Ladd’s 16,400-acre ranch, which has been in the family since the 1890s, stretches for 10½ miles along the border. It’s three miles from there to State Route 92, a trek through mesquite and grassland, floodplains and furrows that serve as a rough-hewn pathway to the two-lane blacktop and the interior that lies beyond.
At its peak, Ladd said, as many as 700 migrants a day passed through his property. That number fell drastically during Trump’s first term, then shot way back up during the Biden administration, despite hidden cameras, motion-detecting sensors and the installation of soaring steel fence posts — the border wall, as it’s known — across the southern length of his ranch.

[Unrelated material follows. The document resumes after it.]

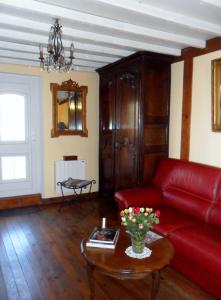 a living room with a red couch and a table at Welcome in Authuille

Today, under Trump, daily crossings have fallen to around 10 or so, Ladd said, and Border Patrol agents tell him they’ve grown bored.
A Border Patrol camera is hidden in a mesquite bush on Ladd’s ranch.
(Mark Z. Barabak / Los Angeles Times)
He paused alongside the wall, the rust-colored soil at his feet spreading for miles around, his view bracketed by the San Jose Mountains to the south and a majestic limestone bluff to the north. The stillness was so profound it was almost a physical presence.
“If we didn’t have to deal with the border,” Ladd said, “there’s no finer life.”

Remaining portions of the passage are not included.